The Need for Crowdsourcing Energy Data

This is a guest post by Andreas Ligtvoet a PhD. Researcher at TU/Delft department of Energy and Industry in the Netherlands. Andreas is a contributor to EniPedia (energy wiki), a site that his colleague Chris Davis created and maintains.

The effort to get a better grip on peak oil runs into the problem of data availability, data accessibility and data quality. As most TOD readers will recognise, there seems to be data asymmetry between the oil producers (NOCs and IOCs), international energy agencies, and the general public. Some transparency has been achieved by streamlining and organising data collection, e.g. through the JODI initiative. However, this encompasses top-down data collection that runs the risk of being polluted by non-data-driven incentives (the political need to over- or under-report, for example).

Click below the fold to read this discussion on the need for savvy open-source data gathering and to learn more about EniPedia.

There have been a lot of bottom-up attempts to collect and combine data, many of which have been reported in TOD. This high-quality information is often represented in such a way, that does not allow others to build upon the work. Excellent collective efforts like the megaprojects taskforce on Wikipedia seem to have died. One of the reasons for this demise could be the lack of analytical power the current setup of Wikipedia allows: timeline data, conflicting sources, and large sets of relatively unworthy facts (e.g. location of wellheads) are not handled well. But also the Wikipedia community may not be aware of the notability of energy data.

This article is an attempt to re-ignite the spark of combined cognitive efforts in the TOD community, to spend some of your mental surplus on checking and updating facts and figures on oil projects and production, a topic you are passionate about to begin with. Why do it? Because credible data underpins a well-informed debate. Even commercial databases that cost loads of money and are inaccessible to the general public face the problem that they are full of mistakes, because the time and effort required to update them is enormous. Many of the contributors to TOD discussions have access to excellent data and spend time analysing it. A combined effort is possible (as projects in other domains have demonstrated) and arguably leads to better curated information.

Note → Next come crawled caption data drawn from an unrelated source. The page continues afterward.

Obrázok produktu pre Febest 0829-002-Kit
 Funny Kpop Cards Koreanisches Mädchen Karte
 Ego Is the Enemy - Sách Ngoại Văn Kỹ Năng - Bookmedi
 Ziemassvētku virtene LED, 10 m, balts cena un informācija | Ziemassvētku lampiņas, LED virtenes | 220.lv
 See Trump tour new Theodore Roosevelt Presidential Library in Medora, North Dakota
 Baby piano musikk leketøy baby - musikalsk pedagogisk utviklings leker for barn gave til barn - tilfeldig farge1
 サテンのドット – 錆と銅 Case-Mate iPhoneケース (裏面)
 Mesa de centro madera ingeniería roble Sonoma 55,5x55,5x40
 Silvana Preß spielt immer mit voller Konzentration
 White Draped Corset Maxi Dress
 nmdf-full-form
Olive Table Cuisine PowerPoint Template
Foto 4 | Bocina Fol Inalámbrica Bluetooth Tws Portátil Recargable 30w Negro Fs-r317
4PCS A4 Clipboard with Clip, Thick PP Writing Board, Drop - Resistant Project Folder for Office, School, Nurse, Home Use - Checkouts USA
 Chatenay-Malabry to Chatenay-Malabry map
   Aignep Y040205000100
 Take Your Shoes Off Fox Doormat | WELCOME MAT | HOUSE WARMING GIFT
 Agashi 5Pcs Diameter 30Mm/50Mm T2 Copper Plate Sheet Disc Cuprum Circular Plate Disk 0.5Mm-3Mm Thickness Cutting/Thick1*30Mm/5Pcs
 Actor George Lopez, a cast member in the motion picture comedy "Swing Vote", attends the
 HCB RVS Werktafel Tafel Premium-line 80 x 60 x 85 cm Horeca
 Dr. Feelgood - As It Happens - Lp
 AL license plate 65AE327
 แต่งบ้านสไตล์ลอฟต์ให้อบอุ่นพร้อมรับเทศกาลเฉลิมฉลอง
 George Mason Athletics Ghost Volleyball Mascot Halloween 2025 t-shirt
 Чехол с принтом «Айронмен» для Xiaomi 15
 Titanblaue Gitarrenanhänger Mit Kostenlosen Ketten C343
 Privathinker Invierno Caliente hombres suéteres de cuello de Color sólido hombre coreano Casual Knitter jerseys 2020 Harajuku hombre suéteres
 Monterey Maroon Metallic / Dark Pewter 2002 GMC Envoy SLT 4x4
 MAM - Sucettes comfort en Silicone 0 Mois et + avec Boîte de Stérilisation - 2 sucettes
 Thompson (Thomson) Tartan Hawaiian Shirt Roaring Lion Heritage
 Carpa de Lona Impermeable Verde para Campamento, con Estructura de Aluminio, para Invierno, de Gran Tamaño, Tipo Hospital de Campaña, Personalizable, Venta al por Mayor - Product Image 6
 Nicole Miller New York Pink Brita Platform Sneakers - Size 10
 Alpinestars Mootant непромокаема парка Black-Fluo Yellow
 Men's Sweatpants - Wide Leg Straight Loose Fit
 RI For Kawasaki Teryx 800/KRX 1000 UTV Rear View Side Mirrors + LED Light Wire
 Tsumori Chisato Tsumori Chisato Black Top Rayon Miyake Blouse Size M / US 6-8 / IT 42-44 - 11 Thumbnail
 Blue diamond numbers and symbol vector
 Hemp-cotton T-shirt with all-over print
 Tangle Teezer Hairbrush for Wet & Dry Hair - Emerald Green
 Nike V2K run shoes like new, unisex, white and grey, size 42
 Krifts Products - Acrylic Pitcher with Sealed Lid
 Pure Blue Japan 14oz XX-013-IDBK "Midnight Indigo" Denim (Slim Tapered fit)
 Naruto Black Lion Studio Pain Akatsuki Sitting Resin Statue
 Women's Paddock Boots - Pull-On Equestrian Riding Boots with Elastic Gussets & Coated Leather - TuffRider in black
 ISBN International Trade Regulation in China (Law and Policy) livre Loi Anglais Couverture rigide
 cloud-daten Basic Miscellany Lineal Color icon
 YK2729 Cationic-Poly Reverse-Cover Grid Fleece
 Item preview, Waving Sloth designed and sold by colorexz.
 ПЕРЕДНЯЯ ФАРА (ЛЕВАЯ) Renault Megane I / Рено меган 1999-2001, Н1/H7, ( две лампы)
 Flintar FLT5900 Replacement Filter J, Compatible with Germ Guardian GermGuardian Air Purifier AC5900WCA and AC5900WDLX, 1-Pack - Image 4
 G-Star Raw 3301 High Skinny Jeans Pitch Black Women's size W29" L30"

Quality control of crowdsourced data

Quality control is naturally an important issue. Who do you trust: Encyclopaedia Britannica or Wikipedia? One could argue that only paid experts provide the necessary comprehensiveness, accuracy and oversight. However, paid experts' time is limited and possibly biased. TOD community has ample well-informed members who can check facts & figures. That' s what TOD is all about to begin with! There is a lot of collective cognitive energy being spent on TOD, and it would be beneficial if we could channel this more effectively so that we can leverage each other's efforts instead of repeating them. We also notice that the cognitive energy of experts is often wasted, as they find it easy to point out problems, but there are not always systems in place that permit them to contribute their knowledge to improving the data.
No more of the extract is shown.